「わたしが神の指で悪霊を追い出しているのであれば、神の国はあなたたちのところに来ているのだ。」
復活祭を準備する四旬節も半ばを迎えている。四旬節を迎えると断食、苦行、節制、犠牲などと、あまり歓迎したくないような言葉が飛びかいがちである。そして、実際にそうしたことを実行しているキリスト者が大勢いることと思う。
しかし、断食、苦行、節制をし、犠牲を捧げたとしても、その人がすぐ傍の人をないがしろにしたり、その人の必要を知りながらも応えなかったりしたとすれば、その断食などの行為にはどんな意味があるだろうか。
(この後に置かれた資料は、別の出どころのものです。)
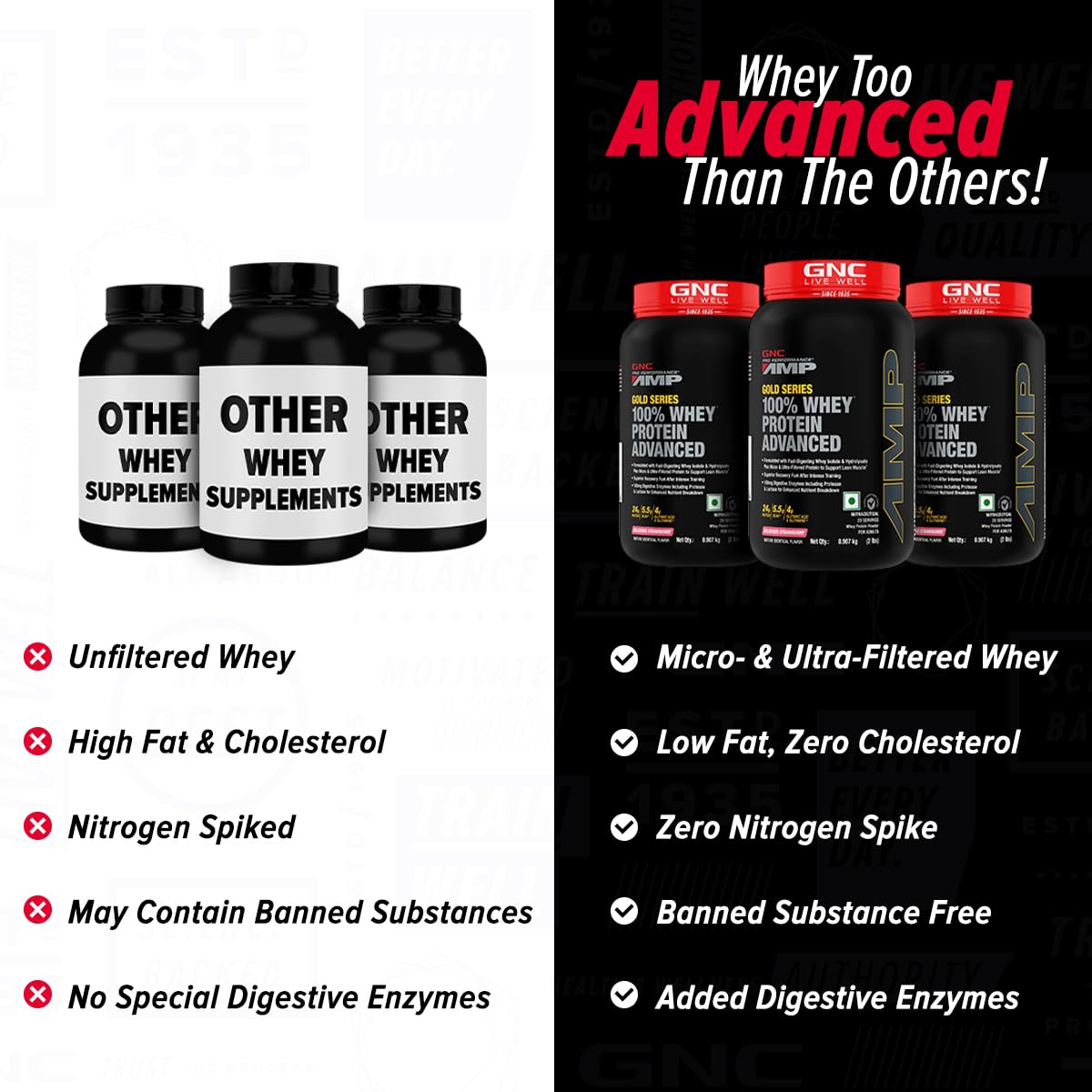 GNC AMP GOLD SERIES WHEY PROTEIN ADVANCED 24G PROTEIN | 5.5G BCAA DELICIOUS STRAWBERRY 2LBS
「神の国はあなたたちのところに来ている」、確かにそうだと思う。四旬節中には回心という言葉も盛んにつかわれる。そして、実際に生き方を180度方向転換する人とか、心を神に向け直す人がいる。素晴らしいことだと思う。しかし、もう一つ足りない。それは、エンジン(モーター)が回転することによって車が走るように、心を回転させるということである。
イエス・キリストの大きな魅力は、福音をことばに止めることなく行動でも福音を説いたということである。多くの言葉を口にするよりキリストのように福音を生きる者になりたい。たとえ、苦しみがあったとしてもイエス・キリストとともにその苦しみを背負って生きる者は、イエス・キリストの復活にも与る者となることを信じて。